PHOENIX – The Nash Jazz Club in downtown Phoenix is hosting a new multiyear “Women in Jazz” initiative to address gender inequities in jazz music. The initiative includes The Nash Jazz DivAZ program, which teaches middle- and high-school girls concert jazz music.
The Nash has been a staple in downtown Phoenix since 2012 and has focused on “celebrating the rich tradition and ongoing innovation of jazz,” according to its website, but recently its efforts have shifted to getting more young women involved in the genre.
“It’s really not our goal to only play with women, and it’s unrealistic to have that expectation,” said Mary Petrich, who is the artistic director of the women’s initiative. “I am also a player, and I love my male colleagues. However, it is important that we feel that we have women leaders, as many women leaders as we have men leaders. … If they feel confident and strong going out into any musical situation, then we’ve done our job.”
Petrich, an experienced saxophonist who teaches the Jazz DivAZ classes, has experienced the gender inequities of jazz firsthand and knows the importance of changing the culture.
“I’ve had guy colleagues telling me that girls can’t play jazz to my face. I’ve had colleagues say that they should be sitting in my seat, they should be playing the chair that I’m playing, they should be teaching in the position I’m teaching,” Petrich said.

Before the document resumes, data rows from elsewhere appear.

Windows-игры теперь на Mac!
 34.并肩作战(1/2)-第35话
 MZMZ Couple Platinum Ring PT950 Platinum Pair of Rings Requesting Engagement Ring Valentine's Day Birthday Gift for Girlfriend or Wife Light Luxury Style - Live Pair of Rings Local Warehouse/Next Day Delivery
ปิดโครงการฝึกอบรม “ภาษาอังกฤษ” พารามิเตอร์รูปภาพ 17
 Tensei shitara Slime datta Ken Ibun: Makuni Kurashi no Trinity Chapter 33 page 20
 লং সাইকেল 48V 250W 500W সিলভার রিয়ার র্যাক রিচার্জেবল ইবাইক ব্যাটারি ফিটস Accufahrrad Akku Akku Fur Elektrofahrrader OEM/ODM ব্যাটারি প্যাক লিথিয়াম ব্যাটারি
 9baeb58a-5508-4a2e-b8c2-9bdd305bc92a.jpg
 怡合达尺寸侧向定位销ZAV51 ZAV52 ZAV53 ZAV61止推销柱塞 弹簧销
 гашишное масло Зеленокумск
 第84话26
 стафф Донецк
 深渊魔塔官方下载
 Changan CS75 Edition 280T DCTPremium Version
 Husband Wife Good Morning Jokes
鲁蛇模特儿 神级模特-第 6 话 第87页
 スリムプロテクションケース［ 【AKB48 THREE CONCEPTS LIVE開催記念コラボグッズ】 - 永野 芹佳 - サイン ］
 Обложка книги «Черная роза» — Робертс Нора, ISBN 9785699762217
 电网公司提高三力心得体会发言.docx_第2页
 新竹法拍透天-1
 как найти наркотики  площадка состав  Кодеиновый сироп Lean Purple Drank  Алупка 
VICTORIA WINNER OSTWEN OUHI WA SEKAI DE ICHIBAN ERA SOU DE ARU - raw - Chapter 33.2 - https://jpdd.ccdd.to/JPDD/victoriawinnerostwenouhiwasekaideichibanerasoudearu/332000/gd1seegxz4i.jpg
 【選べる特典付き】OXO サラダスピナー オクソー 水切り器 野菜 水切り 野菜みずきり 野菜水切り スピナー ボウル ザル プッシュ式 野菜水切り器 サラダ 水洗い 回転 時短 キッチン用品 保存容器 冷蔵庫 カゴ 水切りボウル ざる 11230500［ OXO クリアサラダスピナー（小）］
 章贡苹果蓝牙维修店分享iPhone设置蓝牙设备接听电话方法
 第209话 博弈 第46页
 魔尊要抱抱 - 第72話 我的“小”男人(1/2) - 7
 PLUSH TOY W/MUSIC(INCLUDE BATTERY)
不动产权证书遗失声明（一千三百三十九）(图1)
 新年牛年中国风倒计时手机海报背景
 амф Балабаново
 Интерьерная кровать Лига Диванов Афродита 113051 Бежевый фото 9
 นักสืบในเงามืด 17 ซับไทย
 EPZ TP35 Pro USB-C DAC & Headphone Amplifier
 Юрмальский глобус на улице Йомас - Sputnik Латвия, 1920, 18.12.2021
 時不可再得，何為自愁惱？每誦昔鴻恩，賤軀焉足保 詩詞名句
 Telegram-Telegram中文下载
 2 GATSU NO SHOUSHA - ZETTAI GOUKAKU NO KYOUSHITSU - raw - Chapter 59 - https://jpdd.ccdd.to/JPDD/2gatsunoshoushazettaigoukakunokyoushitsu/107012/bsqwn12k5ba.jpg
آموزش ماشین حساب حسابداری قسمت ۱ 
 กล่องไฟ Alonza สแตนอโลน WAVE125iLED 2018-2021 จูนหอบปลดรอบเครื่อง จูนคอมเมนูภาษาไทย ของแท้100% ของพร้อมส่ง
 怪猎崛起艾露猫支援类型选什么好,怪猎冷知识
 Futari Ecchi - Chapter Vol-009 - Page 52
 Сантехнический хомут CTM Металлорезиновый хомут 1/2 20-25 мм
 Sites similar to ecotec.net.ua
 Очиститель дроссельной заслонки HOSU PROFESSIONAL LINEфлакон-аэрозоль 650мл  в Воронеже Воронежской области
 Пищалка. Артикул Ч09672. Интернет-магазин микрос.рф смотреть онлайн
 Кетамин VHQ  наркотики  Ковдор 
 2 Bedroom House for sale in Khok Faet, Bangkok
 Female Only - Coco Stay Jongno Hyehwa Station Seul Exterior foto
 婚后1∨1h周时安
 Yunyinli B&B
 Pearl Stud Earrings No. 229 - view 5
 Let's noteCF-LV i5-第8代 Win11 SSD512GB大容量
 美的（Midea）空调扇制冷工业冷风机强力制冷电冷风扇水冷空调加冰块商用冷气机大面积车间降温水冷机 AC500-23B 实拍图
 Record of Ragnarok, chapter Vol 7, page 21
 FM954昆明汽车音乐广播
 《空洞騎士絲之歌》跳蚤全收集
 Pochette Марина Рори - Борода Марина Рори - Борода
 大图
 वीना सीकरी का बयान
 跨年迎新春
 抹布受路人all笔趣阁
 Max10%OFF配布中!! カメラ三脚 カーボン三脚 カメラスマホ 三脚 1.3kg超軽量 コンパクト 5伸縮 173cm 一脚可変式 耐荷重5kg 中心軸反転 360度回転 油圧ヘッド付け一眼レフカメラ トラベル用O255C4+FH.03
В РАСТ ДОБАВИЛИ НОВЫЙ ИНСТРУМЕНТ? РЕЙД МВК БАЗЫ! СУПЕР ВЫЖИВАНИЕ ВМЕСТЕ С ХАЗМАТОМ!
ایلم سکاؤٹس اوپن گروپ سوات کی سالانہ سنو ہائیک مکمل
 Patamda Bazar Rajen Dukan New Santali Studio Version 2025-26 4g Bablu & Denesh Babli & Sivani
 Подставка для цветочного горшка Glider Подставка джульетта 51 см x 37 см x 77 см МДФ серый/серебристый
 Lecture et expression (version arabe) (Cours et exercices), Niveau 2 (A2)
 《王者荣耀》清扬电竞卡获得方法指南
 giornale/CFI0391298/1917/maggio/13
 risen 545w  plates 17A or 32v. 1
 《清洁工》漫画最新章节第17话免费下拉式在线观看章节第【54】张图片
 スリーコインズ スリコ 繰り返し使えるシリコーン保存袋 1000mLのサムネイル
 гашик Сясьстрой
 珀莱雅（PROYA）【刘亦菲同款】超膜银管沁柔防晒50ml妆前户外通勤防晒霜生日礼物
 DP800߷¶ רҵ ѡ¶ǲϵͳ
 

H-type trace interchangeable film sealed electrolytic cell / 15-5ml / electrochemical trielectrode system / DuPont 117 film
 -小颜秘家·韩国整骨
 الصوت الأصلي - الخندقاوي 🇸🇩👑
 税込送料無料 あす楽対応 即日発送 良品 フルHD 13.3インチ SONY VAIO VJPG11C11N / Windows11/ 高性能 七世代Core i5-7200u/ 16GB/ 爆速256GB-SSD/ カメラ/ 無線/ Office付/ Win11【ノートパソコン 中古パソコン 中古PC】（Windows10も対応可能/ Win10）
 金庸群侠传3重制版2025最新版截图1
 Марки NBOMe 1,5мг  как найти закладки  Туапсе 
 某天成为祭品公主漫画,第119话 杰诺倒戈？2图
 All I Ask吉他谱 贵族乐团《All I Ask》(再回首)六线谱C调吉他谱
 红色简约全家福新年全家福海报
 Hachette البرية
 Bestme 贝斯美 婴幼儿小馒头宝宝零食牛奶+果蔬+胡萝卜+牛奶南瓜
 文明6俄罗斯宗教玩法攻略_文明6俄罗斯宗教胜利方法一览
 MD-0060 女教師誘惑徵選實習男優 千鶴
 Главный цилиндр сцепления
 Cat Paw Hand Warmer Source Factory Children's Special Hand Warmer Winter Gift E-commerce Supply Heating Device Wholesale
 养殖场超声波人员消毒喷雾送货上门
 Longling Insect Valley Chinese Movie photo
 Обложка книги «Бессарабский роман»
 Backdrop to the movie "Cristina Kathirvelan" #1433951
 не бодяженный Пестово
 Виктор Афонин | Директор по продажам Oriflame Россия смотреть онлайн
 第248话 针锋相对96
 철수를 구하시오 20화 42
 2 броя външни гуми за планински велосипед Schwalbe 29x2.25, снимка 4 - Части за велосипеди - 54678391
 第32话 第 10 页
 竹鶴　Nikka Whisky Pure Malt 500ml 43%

The changing culture is exemplified by Jazz DivAZ students such as bassist Summer Lee, who is 15.
“I think it’s important because women are half the population and we want to contribute our own sound to this. I think it’s great that The Nash has a program that will train young women to start learning how to play music where we can make mistakes, and so if we want to go out into the real world and play, we can help to do our best,” Lee said.
Lee plays both cello and bass and has not only felt an improvement in her music and her ability to stay on beat but has also learned a more valuable life lesson from the classes.
“Jazz has taught me to listen to those around you,” she said.
Other students mentioned improvements such as better soloing and being more confident in their play after taking the classes. Some said it even helped them in their school bands.
The Women in Jazz initiative extends beyond the DivAZ program: Nationally renowned saxophonist Roxy Coss kicked off the initiative with a performance at The Nash Jazz Club in October.
“I think it’s powerful,” Petrich said of Coss’ performance. “You can say, ‘We need women,’ and judge; you can just talk until you’re blue in the face. Until we see it, until I stand next to somebody who’s doing that and experience that energy – to me, that’s when it really becomes real.”
After the performance, there was a panel discussion allowing students to speak to role models and people who are changing the jazz landscape.
The Jazz DivAZ program will culminate with a live performance at 7 p.m. on Dec. 3 as part of the Nash Education Concert.